══ Dataset section ══

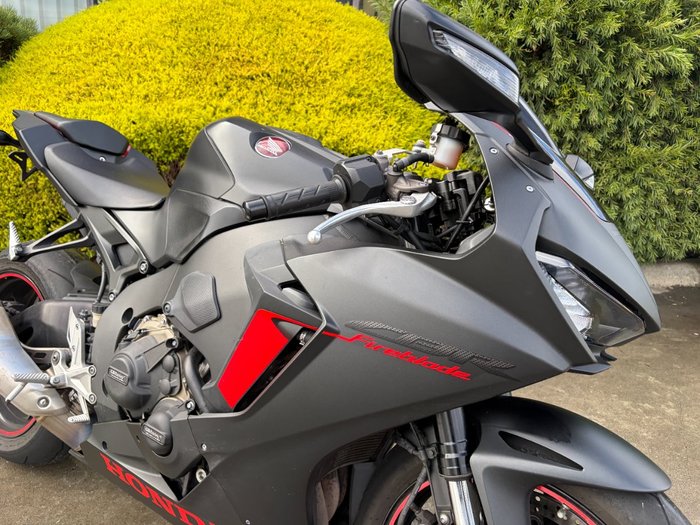 2017 Honda CBR1000RR (FIREBLADE) ABS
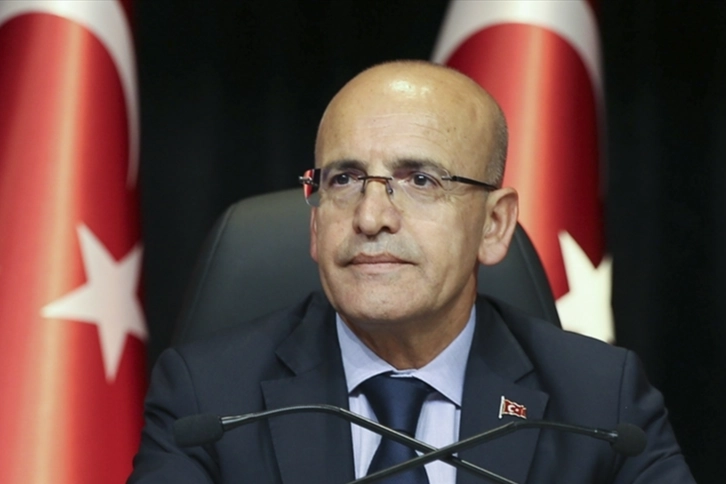 Bakan Şimşek’ten enflasyon açıklaması: Kira fiyatlarının azalması çabalarımızı destekliyor haberinin görseli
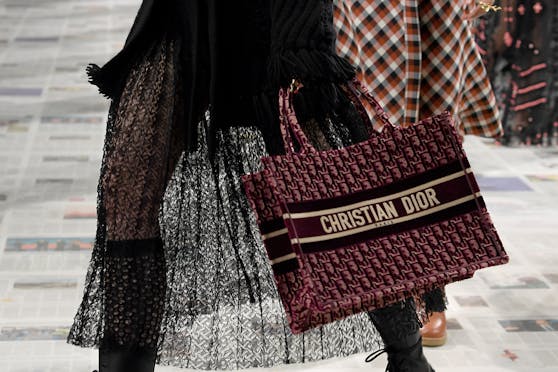 Dior bleibt bei der Präsentation in Form einer Fashion Show - vorerst allerdings noch virtuell.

═══

Task objective: Retyped exactly, the lines from the one holding "Bakan Şimşek’ten enflasyon" through the last line of the data above are the whole answer. Pictures stay out.

Answer box:
 Bakan Şimşek’ten enflasyon açıklaması: Kira fiyatlarının azalması çabalarımızı destekliyor haberinin görseli
 Dior bleibt bei der Präsentation in Form einer Fashion Show - vorerst allerdings noch virtuell.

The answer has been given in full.